I have a binomial distribution with parameters $N$ and $p$, and the estimate for the mean of my distribution is N$\times p$. The values of $N$ and $p$ are such that we can use the Gaussian approximation to estimate the $\sigma$ of the mean as $\sqrt{(n\times p (1-p)}$. The problem is that I have already estimated $p$, so $p$ is actually a Gaussian distribution with a know mean and $\sigma$. My goal is to find a confidence interval for the mean of my binomial distribution, but how do I take the uncertainty of $p$ into account?

Best Answer

There are several problems with your approach. First, you want to use confidence intervals for something that they were not designed for. If $p$ varies, then confidence interval will not show you how does it vary. Check Why does a 95% Confidence Interval (CI) not imply a 95% chance of containing the mean? to learn more about confidence intervals. Moreover, using normal approximation for binomial proportion and it's confidence intervals is not a good idea, as described by Brown et al (2001).

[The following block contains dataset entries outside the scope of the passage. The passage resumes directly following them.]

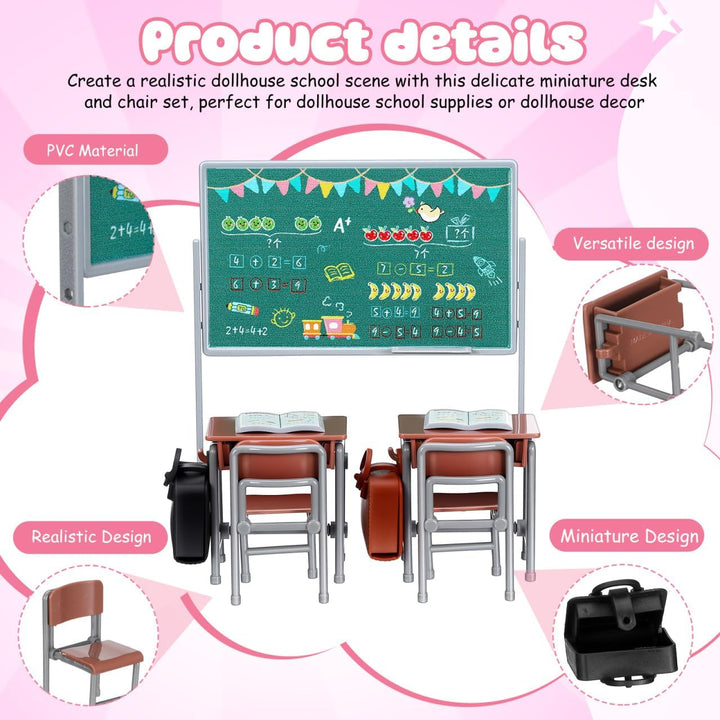 TOYANDONA 1 Set Miniatur-Klassenzimmer-Spielset Mini-Puppenmöbelmodelle mit Schultafel, Stuhl, Schre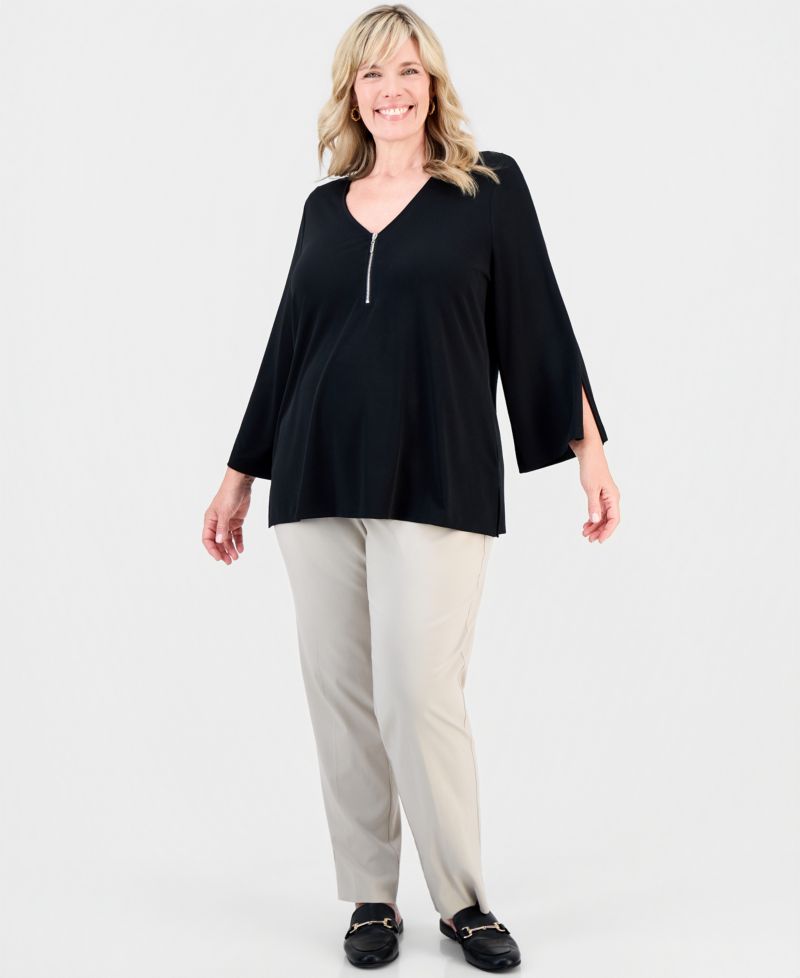 Plus Size Bell-Sleeve Zip-Neck Top, Macy's Exclusive
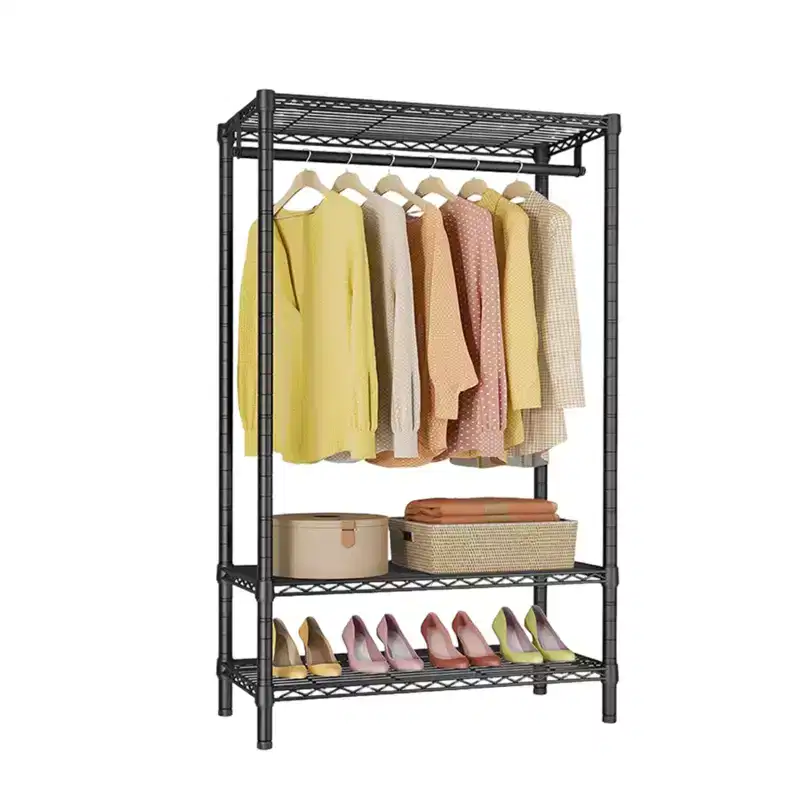 Clothes Rack,Heavy Duty Garment Rack with Shelves with 2 Shelves And 1 Hang Rod,Metal Freestanding Closet Organizer for Suits, Coats, Long Skirts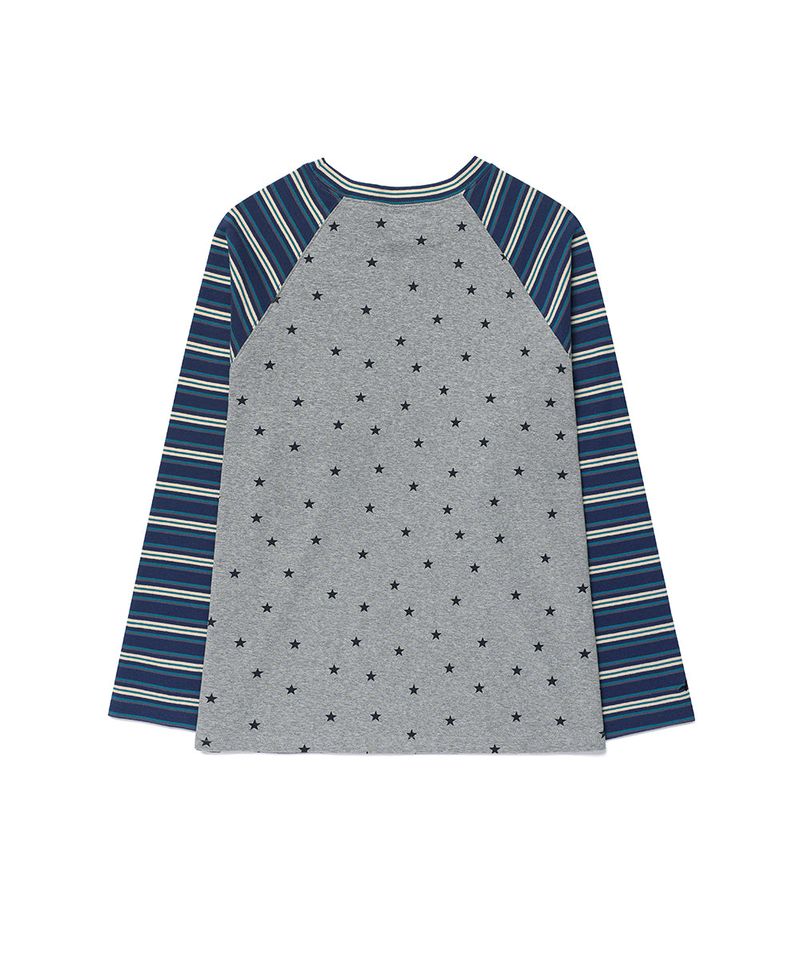 STRIPED STAR RAGLAN LS TEE BLUE(CV2GFFT561A)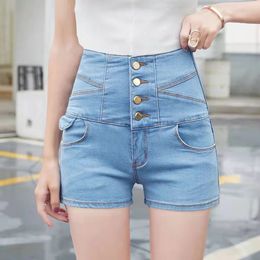 S-6XL Summer Women Fashion Buttons High Waist Denim Shorts Sexy Short Jeans 240418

In fact, from your description it sounds like you want to estimate the Bayesian credible interval, i.e. interval that will contain certain fraction of $p$'s distribution. Yes, I said Bayesian, since in fact you already defined your problem as a Bayesian model. You say that you assume that $p$ is a random variable, while in frequentist setting $p$ would be a fixed parameter. If you already assumed it, why not use a Bayesian model for your data? You would be using beta-binomial model (see also An introduction to the Beta-Binomial model paper by Dan Navarro and Amy Perfors). In cases like this it is extremely easy to estimate such model. We can define it as follows:

$$ X \sim \mathrm{Binomial}(N, p) \\ p \sim \mathrm{Beta}(\alpha, \beta) $$

so, your data $X$ follows binomial distribution parametrized by $N$ and $p$, where $p$ is a random variable. We assume beta distribution with parameters $\alpha$ and $\beta$ as a prior for $p$. I guess that if you wanted to use frequentist method, you do not have any prior knowledge about possible distribution of $p$, so you would choose "uninformative" prior parametrized by $\alpha = \beta = 1$, or $\alpha = \beta = 0.5$ (if you prefer, you may translate those parameters to mean and precision, or mean and variance). After updating your prior, posterior distribution of $p$ is simply a beta distribution parametrized by

$$ \alpha' = \alpha + \text{total number of successes} \\ \beta' = \beta + \text{total number of failures} $$

with mean

$$ E(X) = N \frac{\alpha'}{\alpha'+\beta'} $$

To read more about calculating other quantities of this distribution check Wikipedia article on beta-binomial distribution. You can compute credible intervals numerically either by (a) inverting numerically the cumulative distribution function of beta-binomial distribution, or by (b) sampling large number of random values from beta-binomial distribution and then computing sample quantiles from it. Second approach is pretty easy since you only need to sequentially repeat the following procedure:

  1. draw $p$ from beta distribution parametrized by $\alpha'$ and $\beta'$,
  2. draw $x$ from binomial distribution parametrized by $p$ and $N$.

until you draw sample large enough to find it confident for calculating the quantities of interest.


Of course if you know mean and standard deviation of $p$ and you insist on using normal distribution for it, you can use simulation as well, but with using normal distribution for simulating the values of $p$. Below I provide code example in R for such simulation.

R <- 1e5                       # number of samples to draw in simulation
N <- 500                       # known N
mu <- 0.3                      # known mean of p
sigma <- 0.07                  # known standard deviation of p
p <- rnorm(R, mu, sigma)       # simulate p
x <- rbinom(R, N, p)           # simulate X
mean(x)                        # estimate for mean of X
quantile(p*N, c(0.025, 0.975)) # 95% interval estimate for variability of E(X)

Or you can simply take appropriate quantiles using inverse of normal cumulative distribution function and multiply them by $N$. Remember however that this is not a confidence interval, but a credible interval.


Brown, L.D., Cai, T.T., & DasGupta, A. (2001). Interval estimation for a binomial proportion. Statistical science, 101-117.